U.S. Rep. Liz Cheney joined the majority of her House colleagues this week in voting to remove all Confederate statues from the U.S. Capitol.
However, a spokeswoman for one of Cheney’s Wyoming colleagues in the U.S. Senate dismissed the action as taking attention away from more important issues facing Congress.
Cheney joined 284 other representatives in voting for the resolution, which was aimed in part at removing a bust of Chief Justice Roger Taney, who wrote the Dred Scott decision that declared Black people were not U.S. citizens.
“I joined the majority of my House Republican colleagues in voting to replace the bust of Chief Justice Taney, who wrote the pro-slavery Dred Scott decision, with the statue of Justice Thurgood Marshall, the first African-American Supreme Court Justice,” Cheney told Cowboy State Daily on Friday. “I also support removing statues of those who served in the confederacy. They should not have a place of honor in our Capitol Building.”
The measure said removal of Taney’s bust will show that Congress recognizes the error made with the 1857 decision.
“While the removal of Chief Justice Roger Brooke Taney’s bust from the United States Capitol does not relieve the Congress of the historical wrongs it committed to protect the institution of slavery, it expresses Congress’s recognition of one of the most notorious wrongs to have ever taken place in one of its rooms, that of Chief Justice Roger Brooke Taney’s Dred Scott v. Sandford decision,” the legislation said.
A statue of Taney was removed from the Maryland State House in 2017, according to National Public Radio.
The legislation would direct the architect of the Capitol to identify and remove all statues and busts that depict members of the Confederacy from public display within 45 days of the resolution’s enactment.
Any removed statue that was provided to the Capitol by a state would be returned to the state, which could then elect to replace it with another honoree.
Among the Confederate statues, there is a statue of Jefferson Davis, president of the Confederacy, displayed in Statuary Hall. The bill also mentioned the removal of statues of Charles Brantley Aycock, John Caldwell Calhoun and James Paul Clarke, three men who defended slavery and segregation.
However, a spokeswoman for U.S. Sen. Cynthia Lummis said that the vote was ultimately a distraction from the real issues the senator and the people of Wyoming wanted Congress to address.

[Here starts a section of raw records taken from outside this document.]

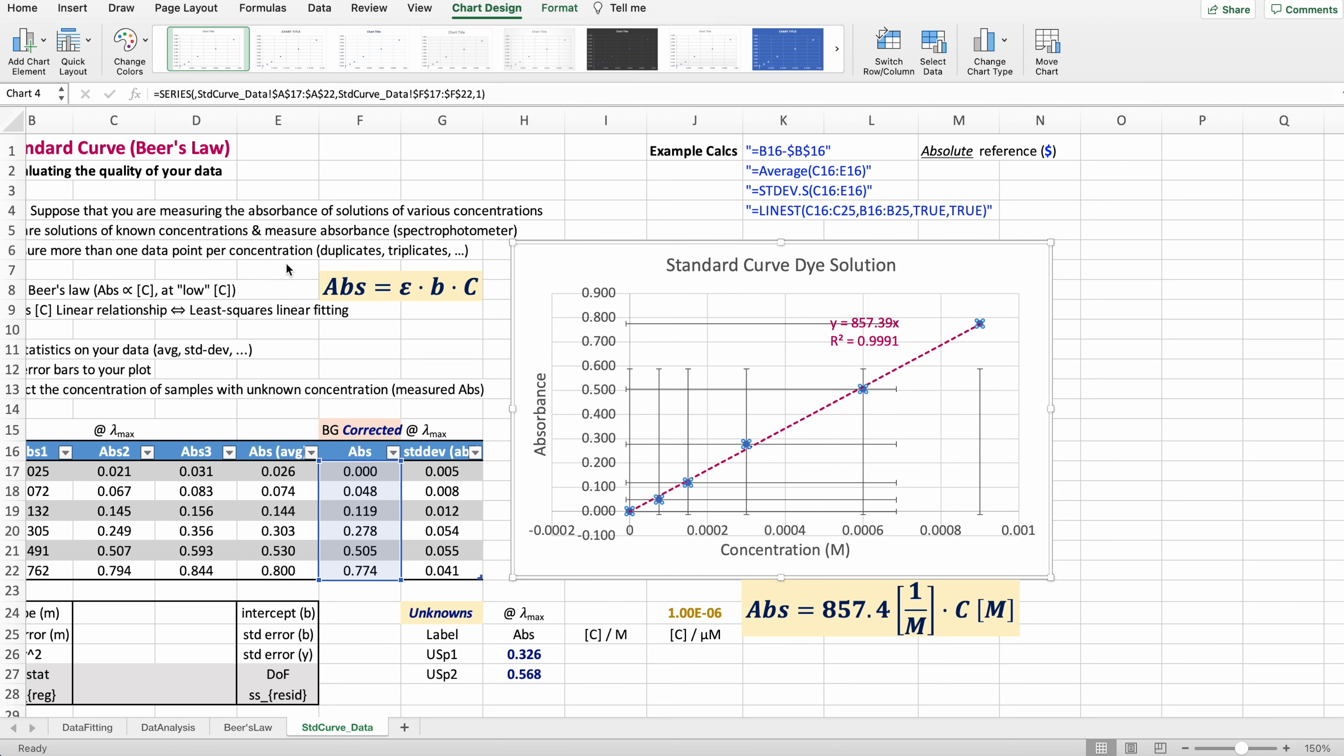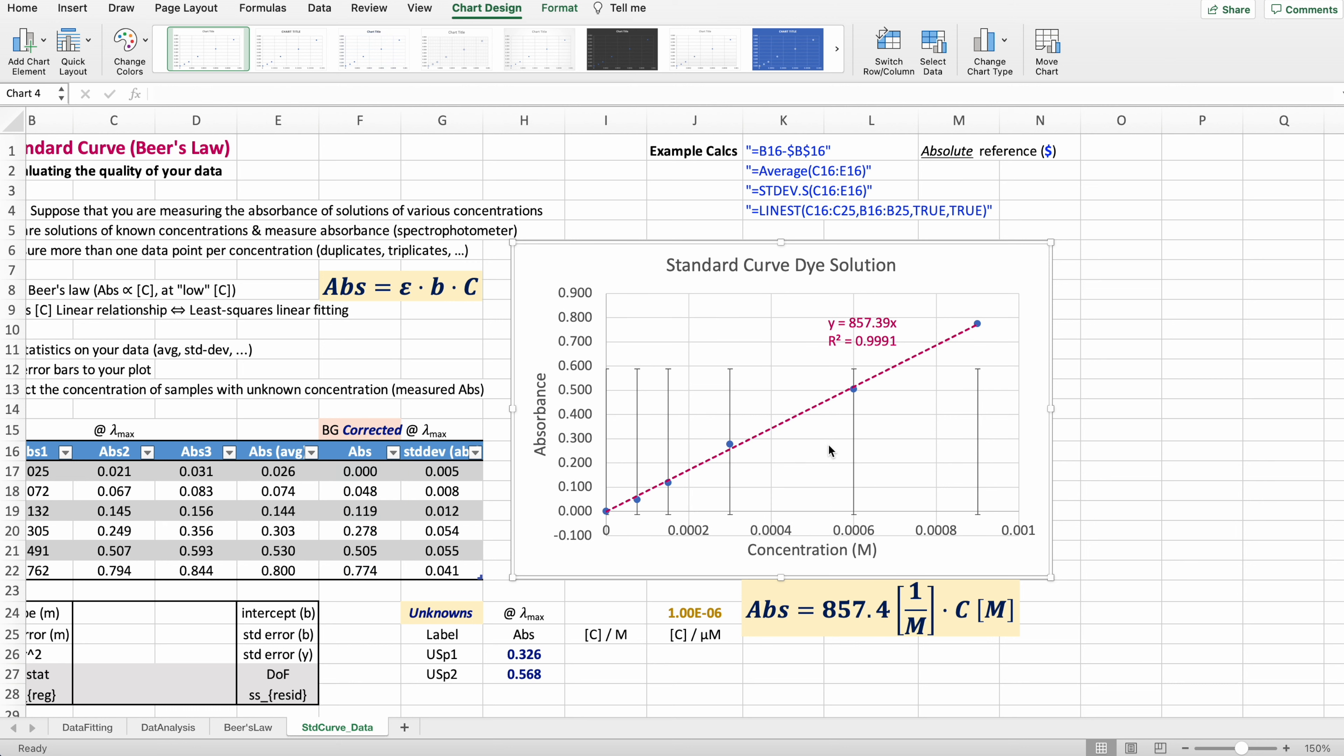And also we do not have standard deviation on the x-axis, so we're going to delete that. And the y-axis, the absorbance, that's what we're measuring.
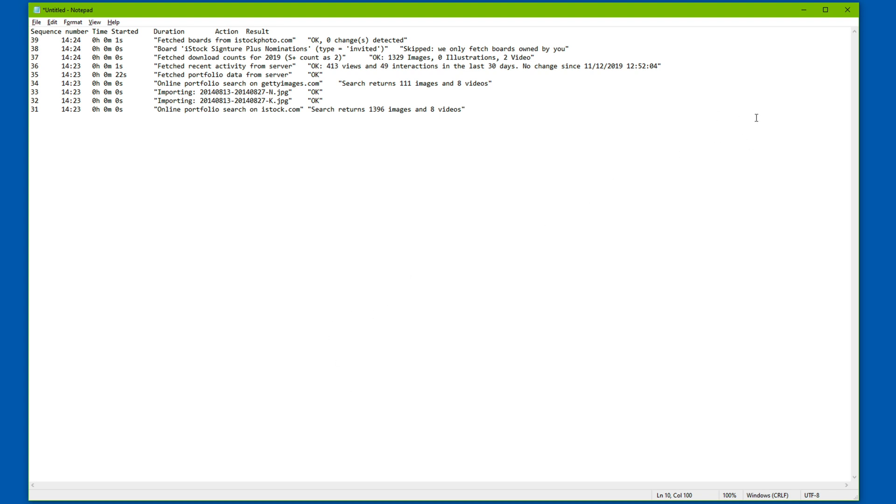That's it. We've seen three different ways to export information from DeepMeta. I hope you found this useful. If you did, please hit subscribe and you will be notified of new videos in this series. Thank you.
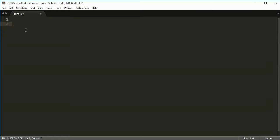Hey everybody, welcome. This is the first of the print tutorials, and we've already printed variables, but I just wanted to show you a couple extra things in this video and the next on what you can do with a print statement. In this video, I'm just going to show you when you're combining different variable types into a print statement, you've got to make sure that you are changing them all into strings.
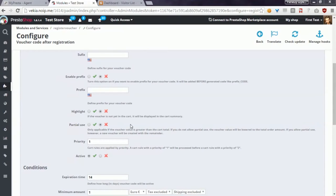Another option called partial use, if enabled, allows to generate a new Vulture code if the Vulture value will be bigger than the cart total. The module will generate another Vulture code with the value equal to the amount that was not used from the Vulture code.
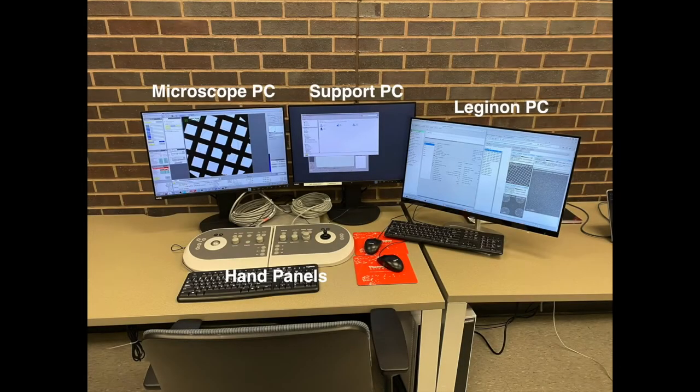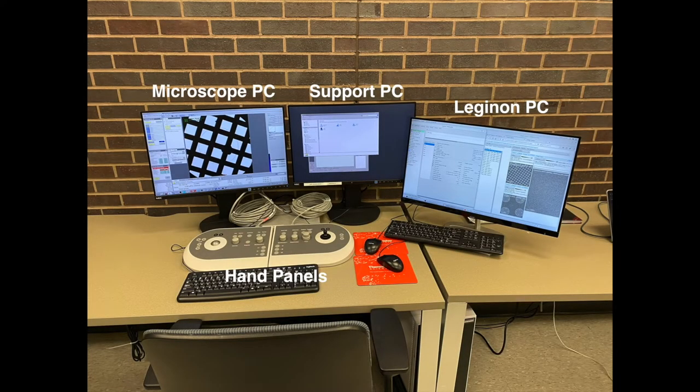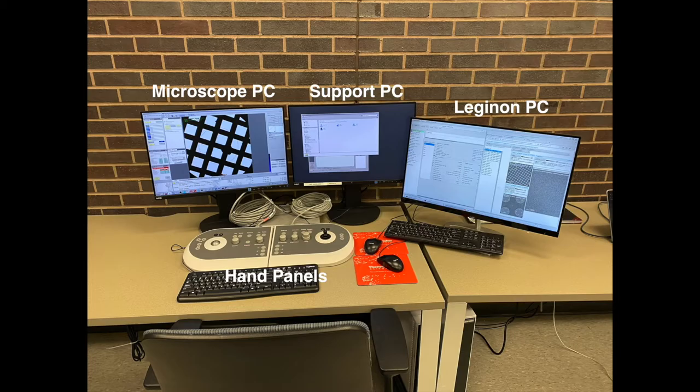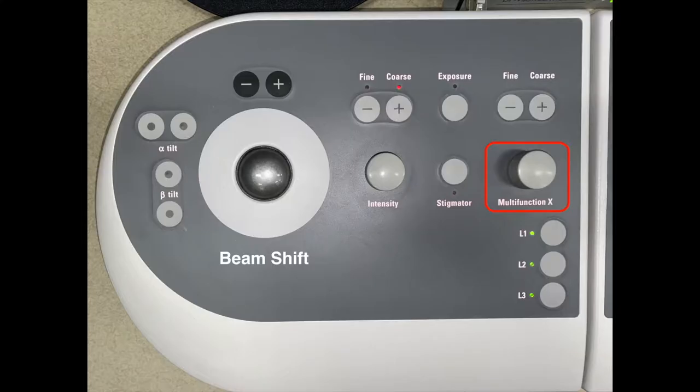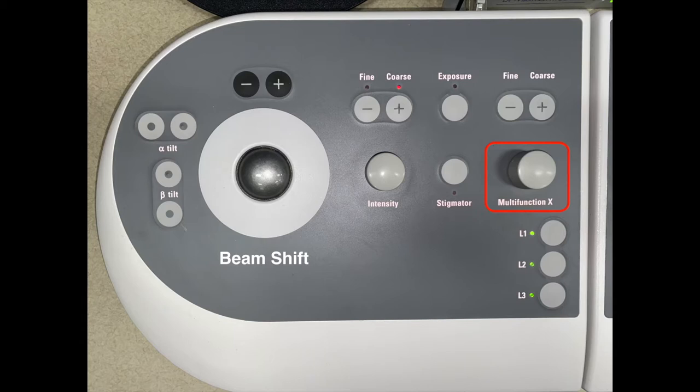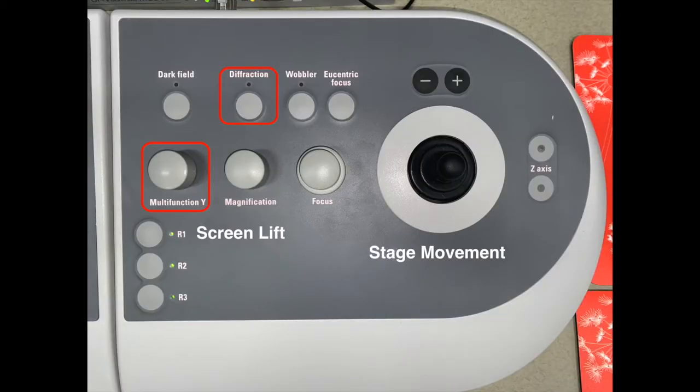In our control room we have our Microscope PC, Support PC, Legenon PC, and hand panels. On our left hand panel the most important function is multifunction X. On our right hand panel we will use diffraction, multifunction Y, stage movement, and R1 for screen lift.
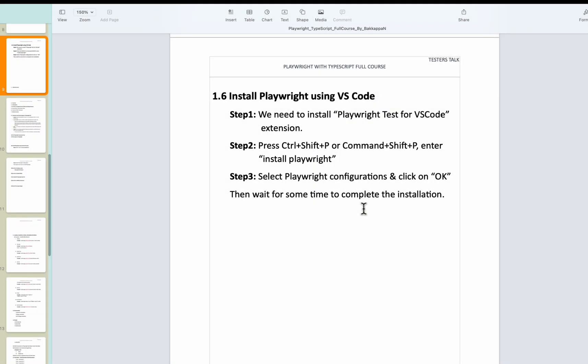So far you have seen what is Playwright, the key features of Playwright and Playwright architecture, and I have shown you how to install Visual Studio Code and Node.js. In this video we are going to discuss how to install Playwright in Visual Studio Code.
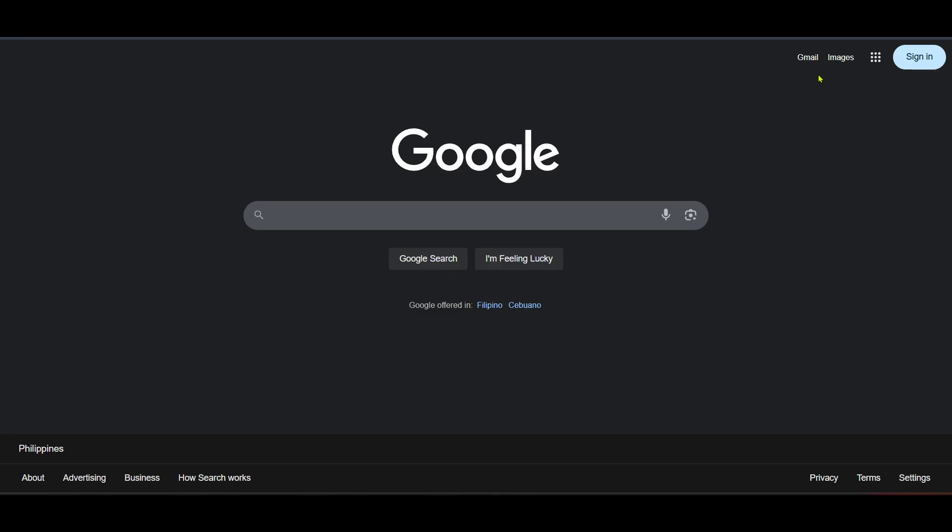Once you've successfully logged into your Google account you need to navigate over to Gmail. Look for the Gmail icon or simply type Gmail into the search bar at the top of the Google homepage. Clicking on the Gmail link will direct you to the main Gmail dashboard. This is where you manage all your emails but for our purpose today we will set up supervision.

“States have historically decided which residents of theirs they want to honor, and this move flies in the face of that tradition, but more importantly this is a distraction from the real issues that Senator Lummis and the people of Wyoming want Congress to address, namely the border crisis, rising inflation, the Biden administration’s attack on American energy and the national debt,” spokeswoman Abegail Cave told Cowboy State Daily on Friday.